The one-day walkout “is really about the company engaging in regressive bargaining and breaking the law in bargaining by rescinding an offer that they had previously made around layoffs,” the union’s Condé Nast Entertainment unit vice chair Ben Dewey, a videographer, told The Hollywood Reporter. “There’s so much solidarity that everybody is really looking out for their coworkers and willing to go on strike for this unfair way that the company is engaging in bargaining.” According to Dewey, Tuesday’s action is the first Condé Nast-wide strike in the company’s history.

THR has reached out to Condé Nast for comment. I’m a Virgo director Boots Riley tweeted out the news on Monday.

The walkout is timed to coincide with the announcement of nominations for the 96th Academy Awards, which is an important news day for select Condé Nast brands, such as Vanity Fair. To amplify the specificity of the choice, the union is planning on staging an Oscars-themed picket line starting at 10 a.m. ET in front of Condé Nast’s One World Trade Center offices that will feature a red carpet and a “step-and-repeat” area for photography, while a rally starting at 1 p.m. ET will include an “awards ceremony,” per the union.

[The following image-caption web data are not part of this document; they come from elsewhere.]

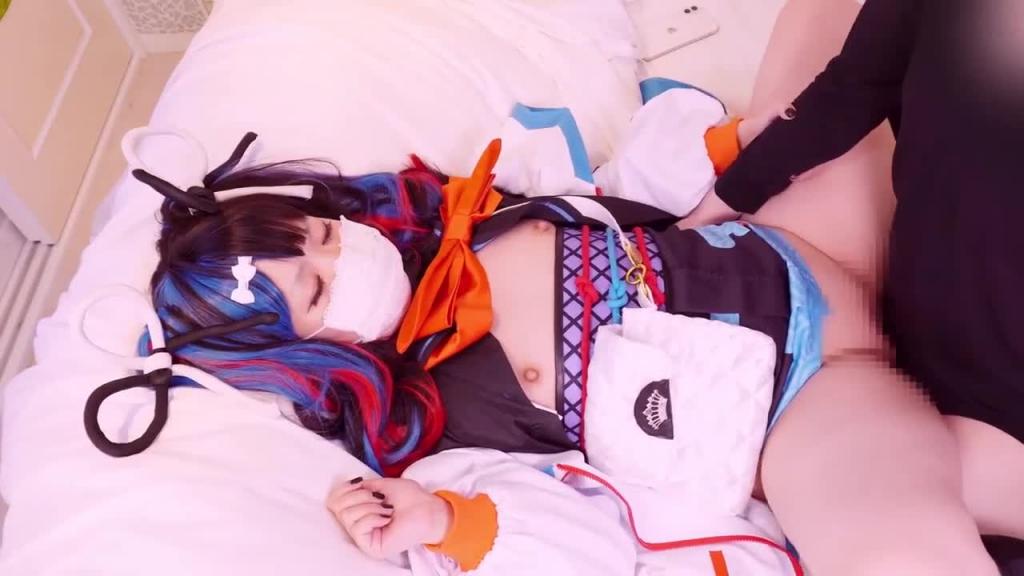 【cosplay】乖巧的制服美少女操起来很是骚气_3 预览截图 1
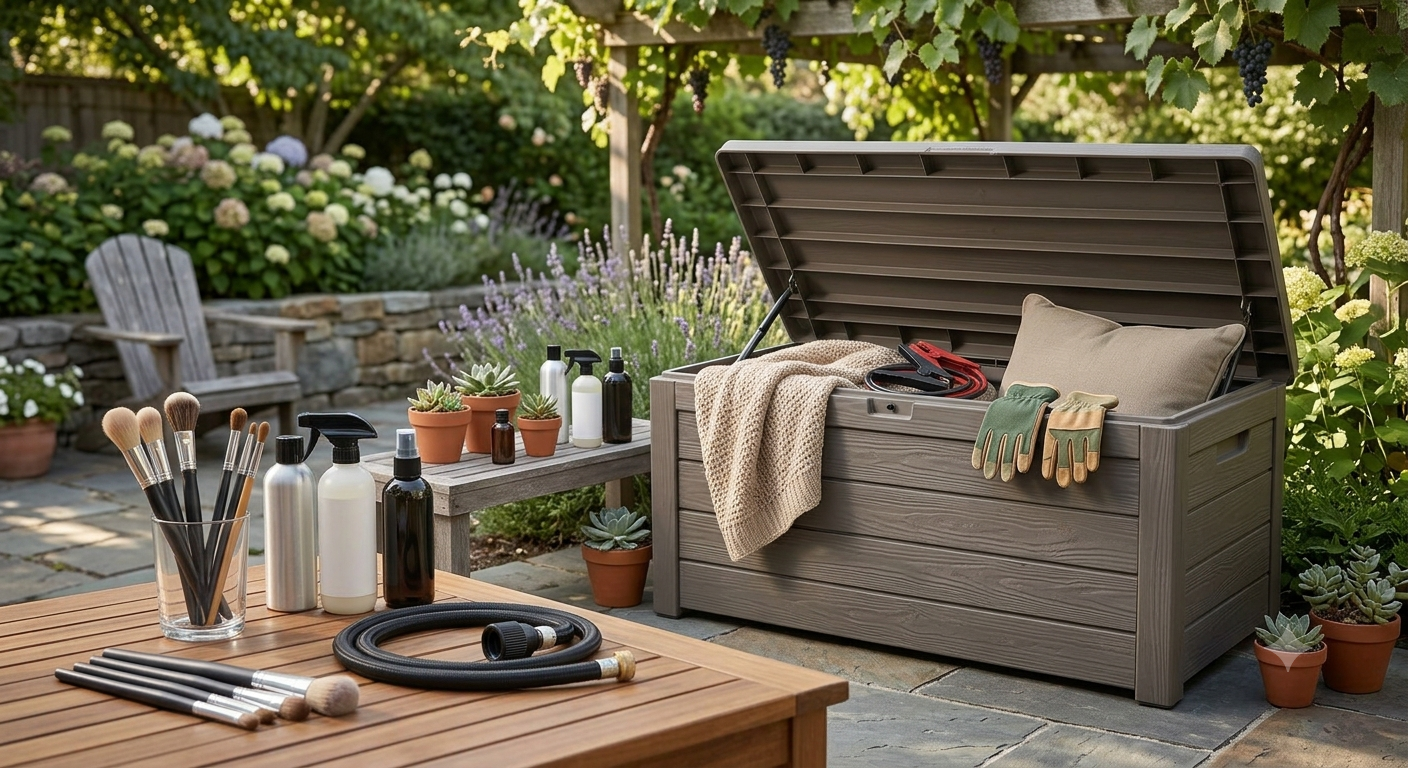 Outdoor Storage Box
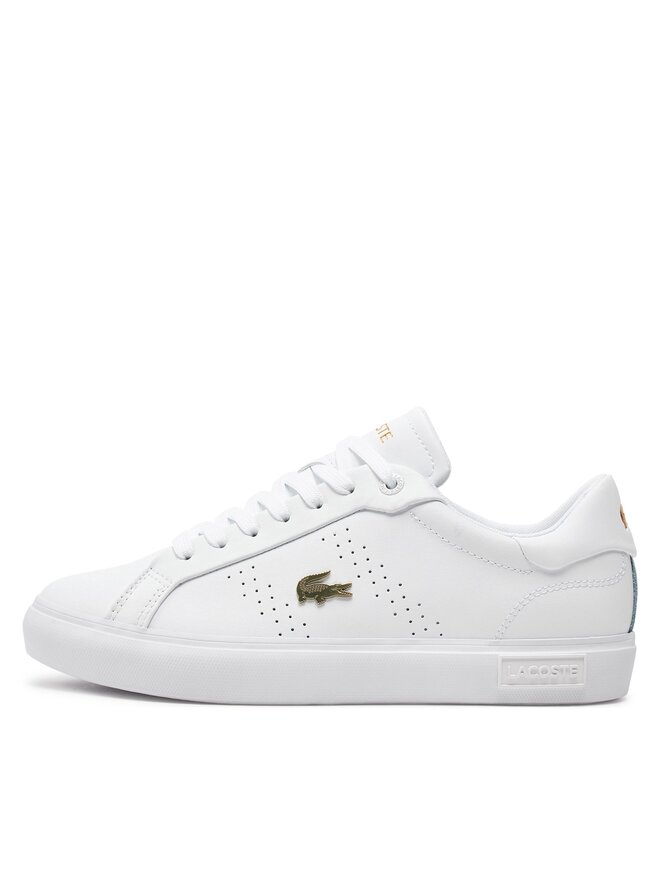 Lacoste Sneakersy Lacoste 747SFA0072 Biały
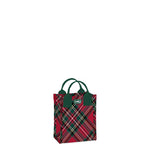 SWIG - Christmas Plaid Reusable Gift Bag - Mini-140 Gifts + Home-SWIG-July & June Women's Fashion Boutique Located in San Antonio, Texas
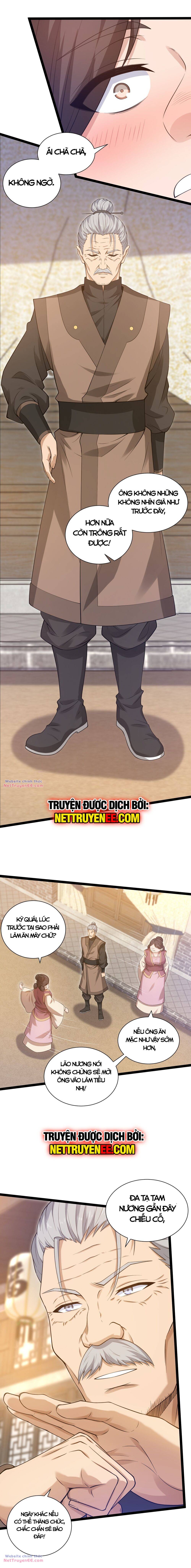 vạn cổ tối cường phò mã chapter 34 8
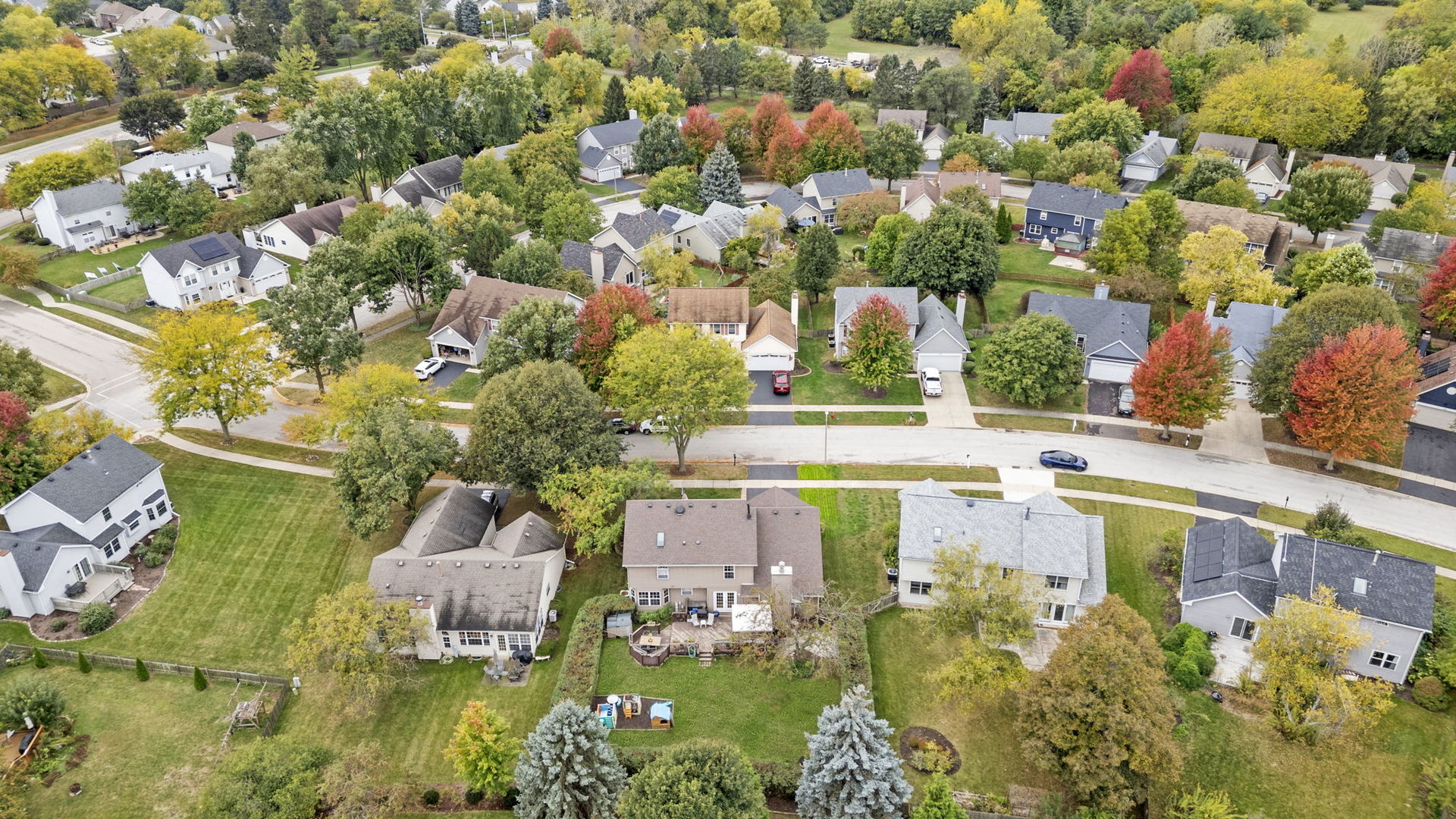 308 Foxworth Court, Aurora, IL 60502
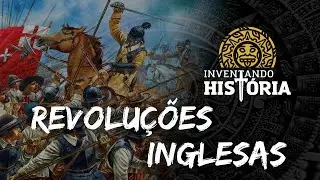 Revoluções Inglesas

“We just really want to show how much Condé relies on union members to cover big events like the Oscar nominations,” explained Dewey.

The NewsGuild of New York, the umbrella labor group of which the Condé Nast Union is one part, has filed two unfair labor practices charges against Condé Nast with the National Labor Relations Board since the Nov. 1 layoffs announcement. In December the union claimed that the company surveilled and intimidated members while they were trying to gain clarity about layoffs “in at least three instances.” At the time, Condé Nast said in a statement that its security team “followed standard building security protocol and did not engage with any union member.”

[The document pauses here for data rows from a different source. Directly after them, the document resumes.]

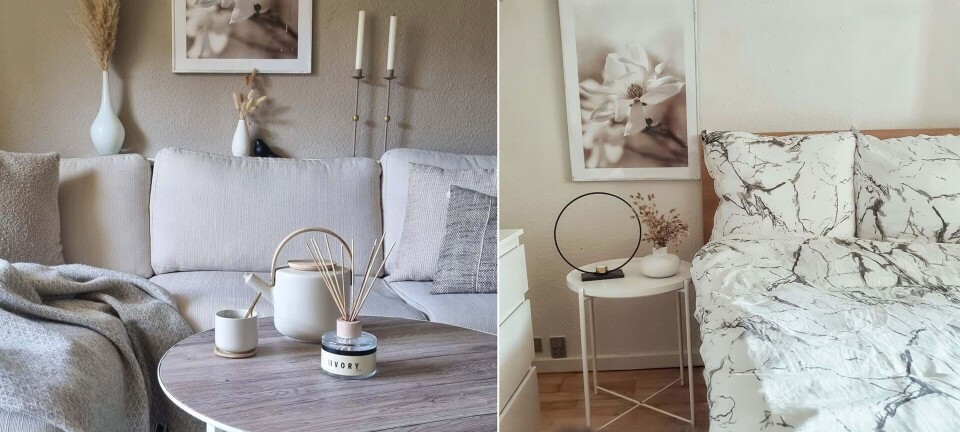 'Den boligstil holdt ikke længe, kan jeg godt afsløre'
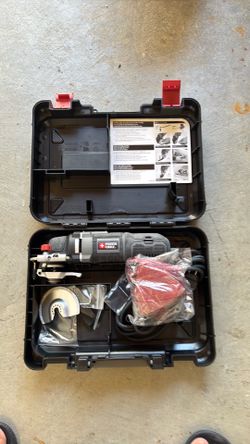 Porter cable multi tool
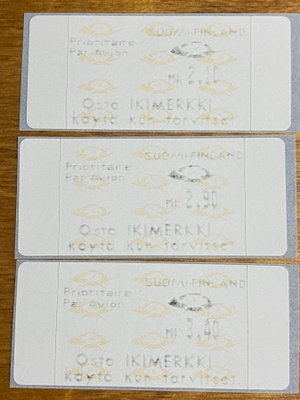 FRAMA ATM12 OSTA IKIMERKKI**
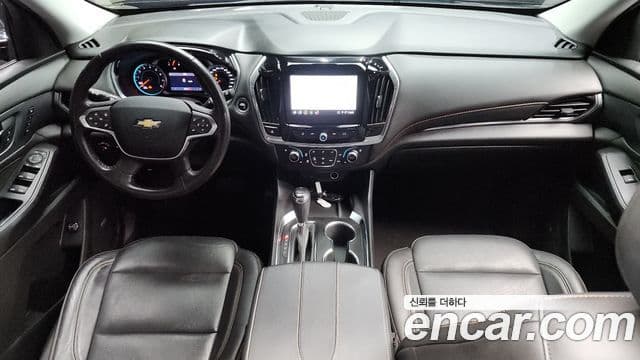 Chevrolet(GM대우) Traverse 3.6 AWD Red Line, 2020 7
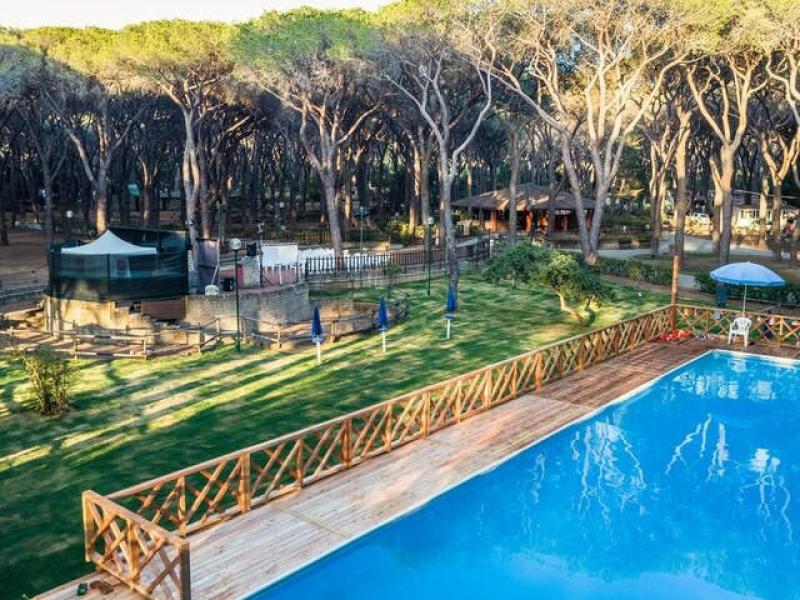 Camping Le Marze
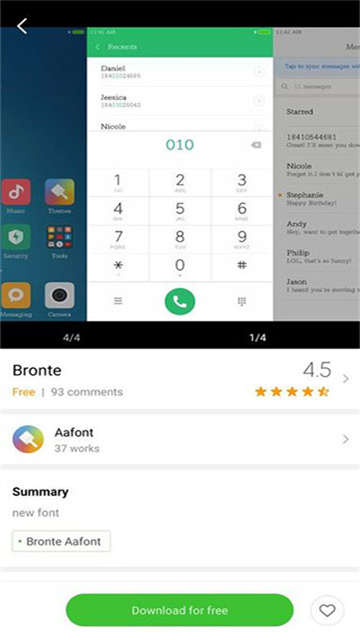 小米主题国际服版高清大图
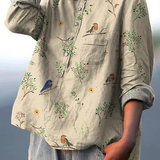 Nadia | Elegant Casual Shirt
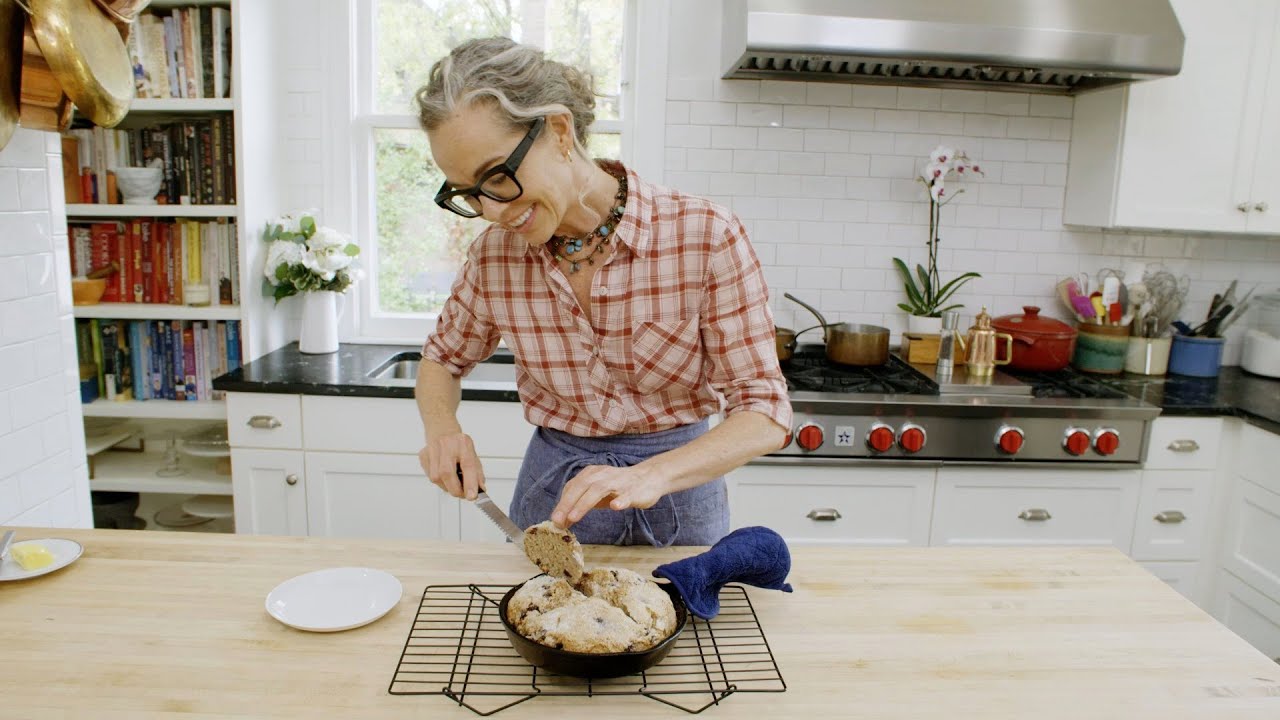 Baking to Share: Quick Breads and Muffins - Official Trailer | Workshops | Magnolia Network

And this month the organization alleged that the company had engaged in “regressive bargaining” by downsizing a severance offer. According to the union, Condé Nast originally proposed cutting 94 union jobs, or 20 percent of the union, and providing laid-off workers a severance package it was offering other staffers in the company. After a union counter-offer, the company allegedly proposed still cutting 94 union jobs and cutting its previous severance offer in half.

The move was made “to remind management of their worth and urge company reps to bargain in good faith. We demand nothing less,” said NewsGuild of New York president Susan DeCarava in a statement.

Aside from their ongoing negotiations over layoffs, the Condé Nast Union and management also remain locked in negotiations over a first contract. Management voluntarily recognized the union after a card check in September 2022, and the two parties have been bargaining over the agreement ever since.

Tuesday’s work stoppage follows a similar action on Jan. 19 at the Los Angeles Times, whose newsroom is represented by the West Coast sister union to the NewsGuild of New York, the Media Guild of the West. The Times union, whose current labor contract expired months ago, initiated a 24-hour strike in response to a dispute with the paper’s management over what the labor group says is a “significant” number of layoffs that are coming.